══ INFORMATION SUPPLIED ══

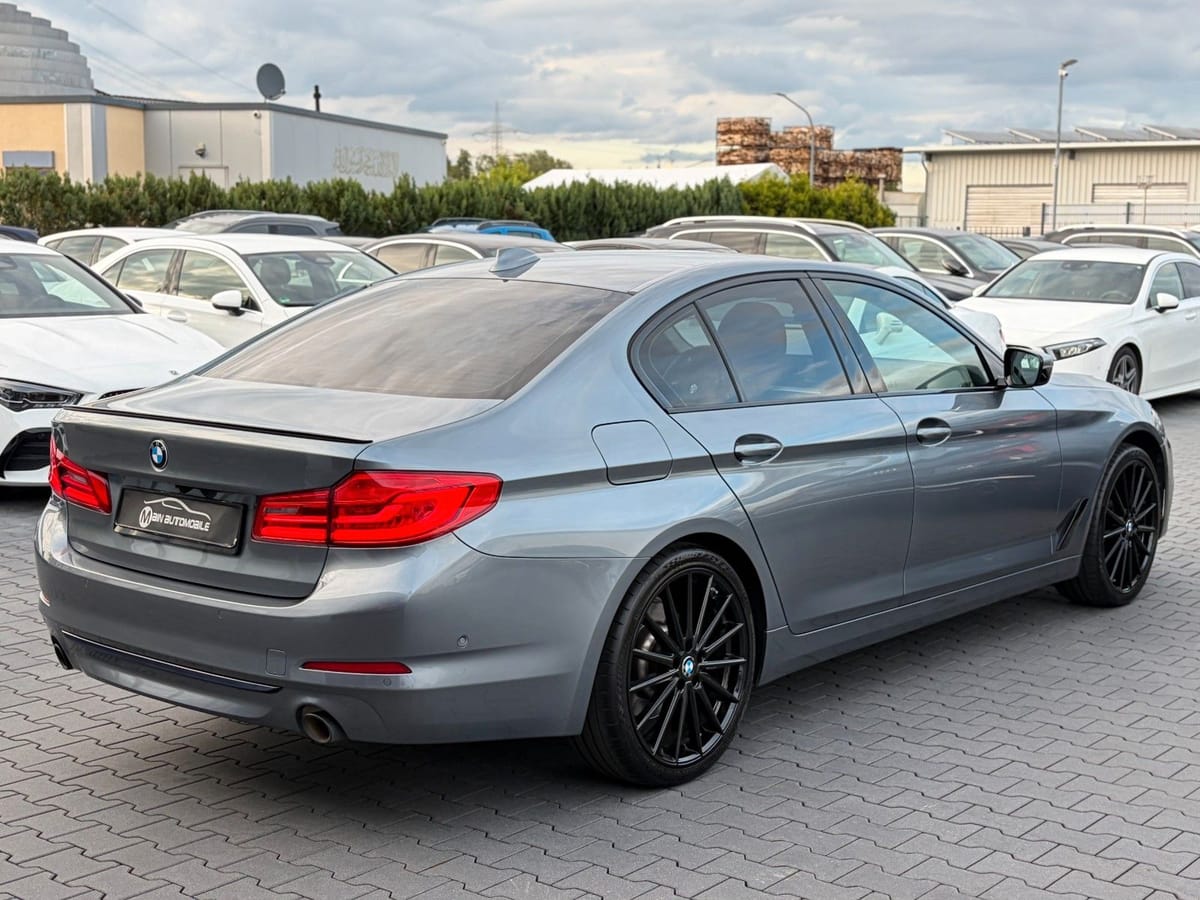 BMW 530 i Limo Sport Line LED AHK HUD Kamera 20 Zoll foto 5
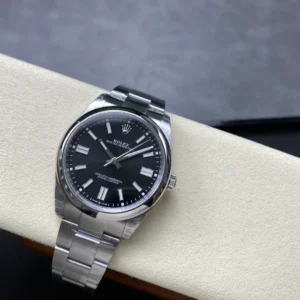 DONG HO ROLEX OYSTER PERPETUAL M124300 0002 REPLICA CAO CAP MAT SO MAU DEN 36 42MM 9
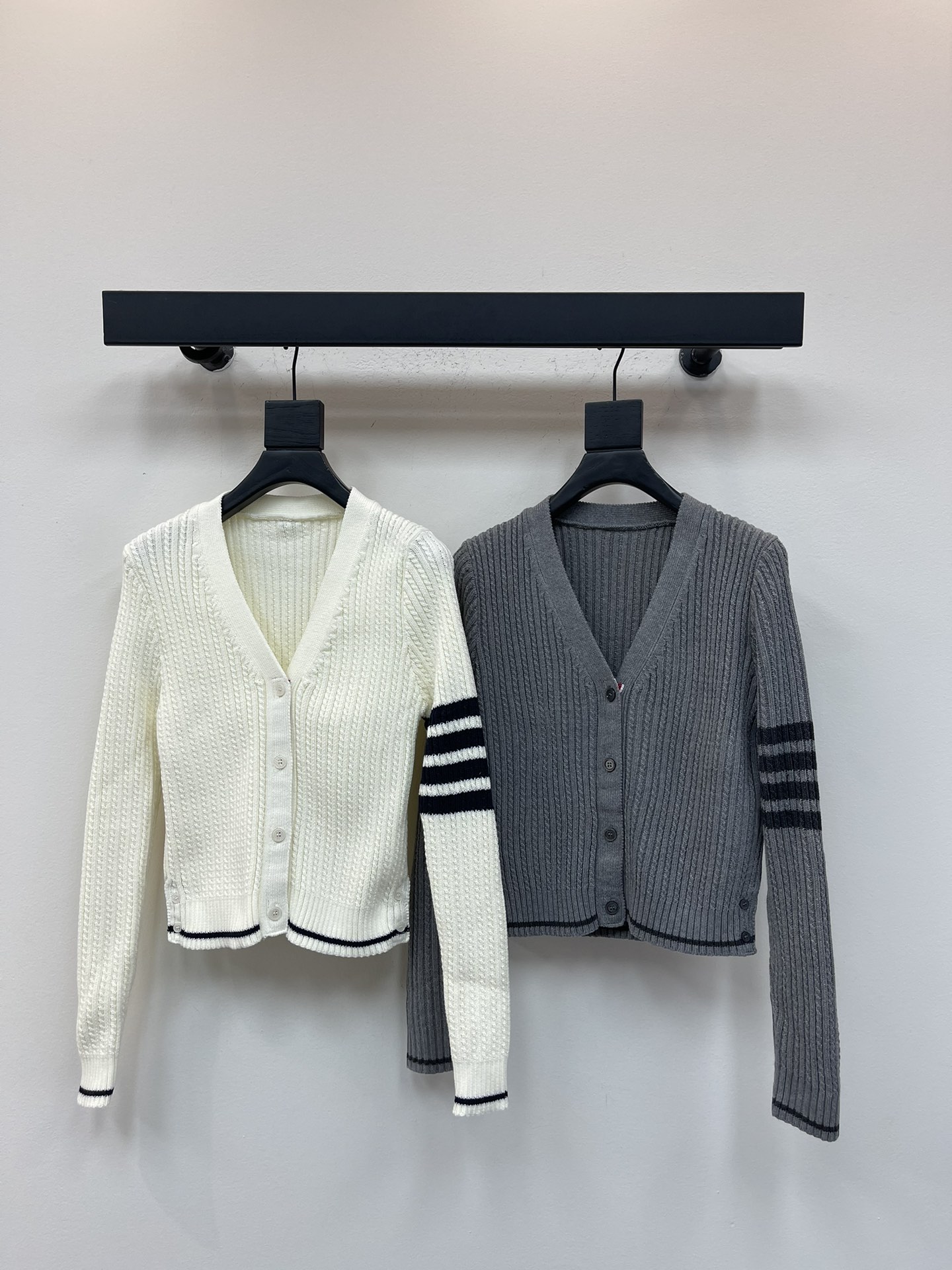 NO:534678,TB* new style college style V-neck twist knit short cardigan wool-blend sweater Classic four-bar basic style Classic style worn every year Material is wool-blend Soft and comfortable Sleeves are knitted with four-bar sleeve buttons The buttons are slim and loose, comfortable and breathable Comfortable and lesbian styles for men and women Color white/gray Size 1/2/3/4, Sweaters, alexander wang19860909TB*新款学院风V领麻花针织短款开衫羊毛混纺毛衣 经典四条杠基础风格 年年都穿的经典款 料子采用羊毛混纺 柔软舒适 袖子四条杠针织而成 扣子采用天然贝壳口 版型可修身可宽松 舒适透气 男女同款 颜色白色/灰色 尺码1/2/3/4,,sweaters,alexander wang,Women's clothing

═══

• **TASK GOAL**
Give back the data exactly. Pictures stay out.

• **RESPONSE**
 BMW 530 i Limo Sport Line LED AHK HUD Kamera 20 Zoll foto 5
 DONG HO ROLEX OYSTER PERPETUAL M124300 0002 REPLICA CAO CAP MAT SO MAU DEN 36 42MM 9
 NO:534678,TB* new style college style V-neck twist knit short cardigan wool-blend sweater Classic four-bar basic style Classic style worn every year Material is wool-blend Soft and comfortable Sleeves are knitted with four-bar sleeve buttons The buttons are slim and loose, comfortable and breathable Comfortable and lesbian styles for men and women Color white/gray Size 1/2/3/4, Sweaters, alexander wang19860909TB*新款学院风V领麻花针织短款开衫羊毛混纺毛衣 经典四条杠基础风格 年年都穿的经典款 料子采用羊毛混纺 柔软舒适 袖子四条杠针织而成 扣子采用天然贝壳口 版型可修身可宽松 舒适透气 男女同款 颜色白色/灰色 尺码1/2/3/4,,sweaters,alexander wang,Women's clothing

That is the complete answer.